* Debugging an inconsistent shadow page table
@ 2009-04-25 10:36 Jan Kiszka
2009-04-26 10:32 ` Avi Kivity
0 siblings, 1 reply; 9+ messages in thread
From: Jan Kiszka @ 2009-04-25 10:36 UTC (permalink / raw)
To: kvm-devel
[-- Attachment #1: Type: text/plain, Size: 1342 bytes --]
Hi,
turning on MMU_DEBUG and AUDIT in arch/x86/kvm/mmu.c (and fixing a build
error, patch will follow) I got this (and then a #GP :( - patch will
follow):
...
kvm_mmu_get_page: looking gfn 0 role f0120
kvm_mmu_get_page: found
kvm_mmu_get_page: looking gfn 0 role f0220
kvm_mmu_get_page: found
kvm_mmu_get_page: looking gfn 0 role f0320
kvm_mmu_get_page: found
kvm_mmu_get_page: looking gfn e1f role e0044
kvm_mmu_get_page: adding gfn e1f role e0044
rmap_write_protect: spte ffff8100660a60f8 7ca98067
paging64_page_fault: addr 100105 err 19
audit_write_protection: (pre page fault) shadow page has writable mappings: gfn e1f role e0044
audit: (pre page fault) nontrapping pte in nonleaf level: levels 4 gva 8000000000 level 4 pte 0
Is the last message indicating a problem? I get it very early during
guest boot. oos_shadow is disabled.
I'm currently trying to understand an obvious inconsistency in the pte
describing a page of the virtio-net rx ring. On some guests with some
qemu (upstream) command lines I can trigger this with '-smb /some/path'
and then doing smbclient -L in the guest. Once the inconsistency slipped
in, host and guest see different page contents and virtio-net stops to
work. Very strange, but fortunately easily reproducible here. Any hints
or debugging suggestions welcome!
Jan
[-- Attachment #2: OpenPGP digital signature --]

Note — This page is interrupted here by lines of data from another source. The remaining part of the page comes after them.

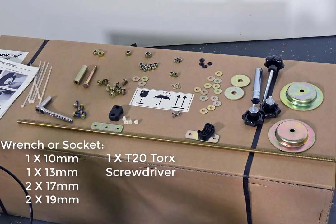Open the hardware bag and lay all the parts out on the plow box. You will also need one 10 millimeter wrench or socket, one 13 millimeter, two 17 millimeters, and two 19 millimeters. You will also need one T20 Torx screwdriver.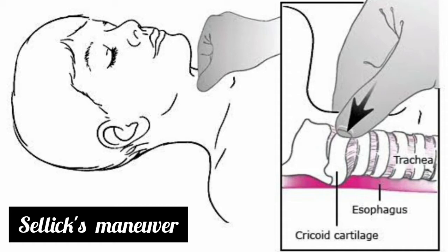It is important to identify the cricoid cartilage, as compression of the thyroid cartilage distorts the laryngeal anatomy and may render tracheal intubation very difficult.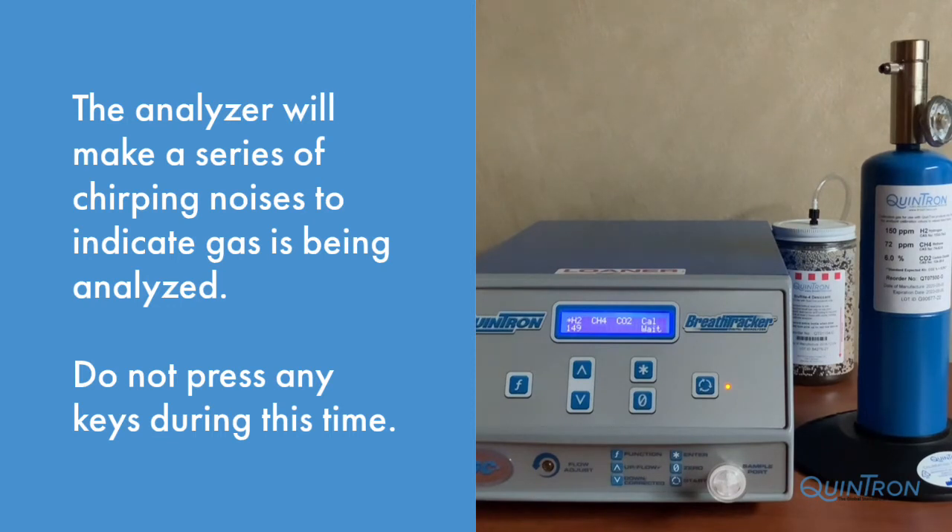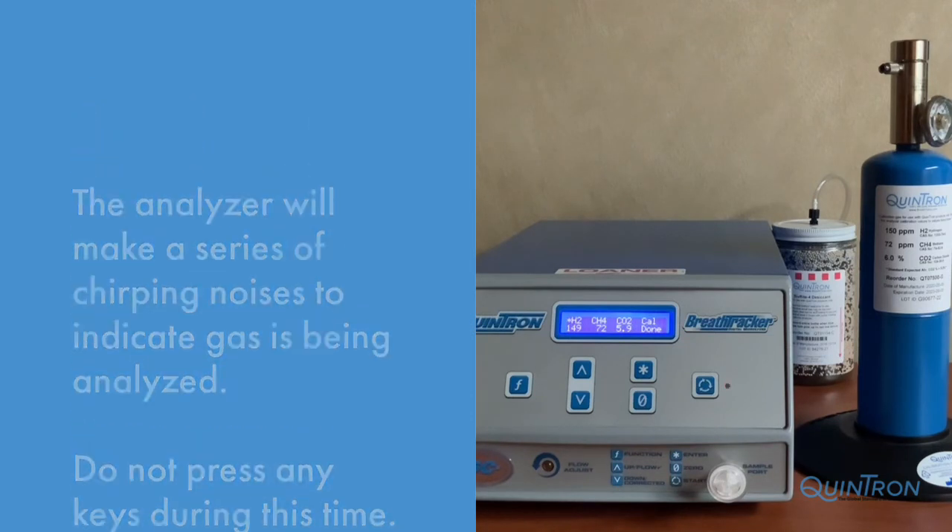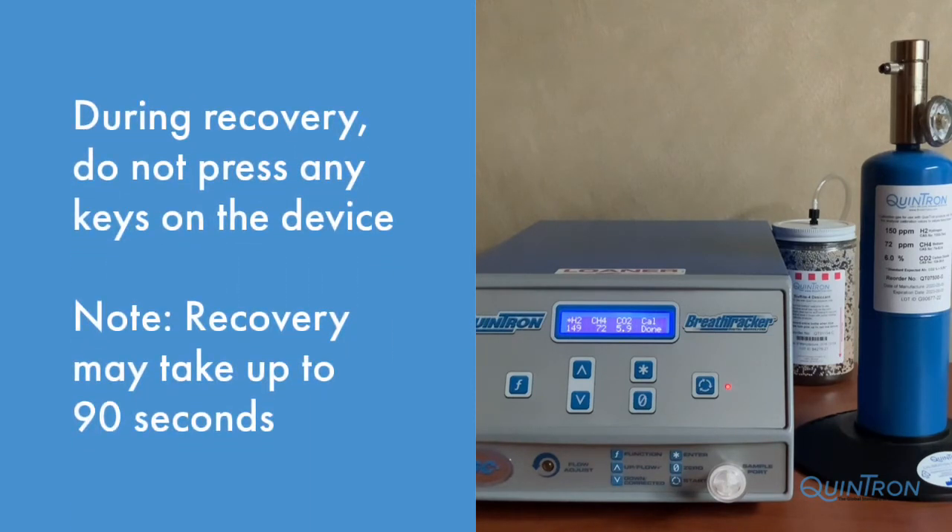Once calibration is complete, the status light will begin blinking and the display will read Cal Done. During this time, the analyzer is in a recovery process where it's removing the previous sample and bringing the machine back to its baseline. Do not press any keys until the light blinks green.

[-- Type: application/pgp-signature, Size: 257 bytes --]
^ permalink raw reply [flat|nested] 9+ messages in thread
* Re: Debugging an inconsistent shadow page table
2009-04-25 10:36 Debugging an inconsistent shadow page table Jan Kiszka
@ 2009-04-26 10:32 ` Avi Kivity
2009-04-26 11:11 ` Jan Kiszka
0 siblings, 1 reply; 9+ messages in thread
From: Avi Kivity @ 2009-04-26 10:32 UTC (permalink / raw)
To: Jan Kiszka; +Cc: kvm-devel
Jan Kiszka wrote:
> Hi,
>
> turning on MMU_DEBUG and AUDIT in arch/x86/kvm/mmu.c (and fixing a build
> error, patch will follow) I got this (and then a #GP :( - patch will
> follow):
>
> ...
> kvm_mmu_get_page: looking gfn 0 role f0120
> kvm_mmu_get_page: found
> kvm_mmu_get_page: looking gfn 0 role f0220
> kvm_mmu_get_page: found
> kvm_mmu_get_page: looking gfn 0 role f0320
> kvm_mmu_get_page: found
> kvm_mmu_get_page: looking gfn e1f role e0044
> kvm_mmu_get_page: adding gfn e1f role e0044
> rmap_write_protect: spte ffff8100660a60f8 7ca98067
> paging64_page_fault: addr 100105 err 19
> audit_write_protection: (pre page fault) shadow page has writable mappings: gfn e1f role e0044
> audit: (pre page fault) nontrapping pte in nonleaf level: levels 4 gva 8000000000 level 4 pte 0
>
> Is the last message indicating a problem? I get it very early during
> guest boot. oos_shadow is disabled.
>
Yes. It means the guest will receive a page fault if is accesses
anything this pte points to. Theoretically we could have made this
work, but we never did.
But the message is self-contradictory. Level 4 PTEs map 0.5TB each, and
the gva mentioned isn't 0.5TB aligned.
> I'm currently trying to understand an obvious inconsistency in the pte
> describing a page of the virtio-net rx ring. On some guests with some
> qemu (upstream) command lines I can trigger this with '-smb /some/path'
> and then doing smbclient -L in the guest. Once the inconsistency slipped
> in, host and guest see different page contents and virtio-net stops to
> work. Very strange, but fortunately easily reproducible here. Any hints
> or debugging suggestions welcome!
>
What type of inconsistency? pfn or flags?
--
error compiling committee.c: too many arguments to function
^ permalink raw reply [flat|nested] 9+ messages in thread
* Re: Debugging an inconsistent shadow page table
2009-04-26 10:32 ` Avi Kivity
@ 2009-04-26 11:11 ` Jan Kiszka
2009-04-26 11:27 ` Gleb Natapov
0 siblings, 1 reply; 9+ messages in thread
From: Jan Kiszka @ 2009-04-26 11:11 UTC (permalink / raw)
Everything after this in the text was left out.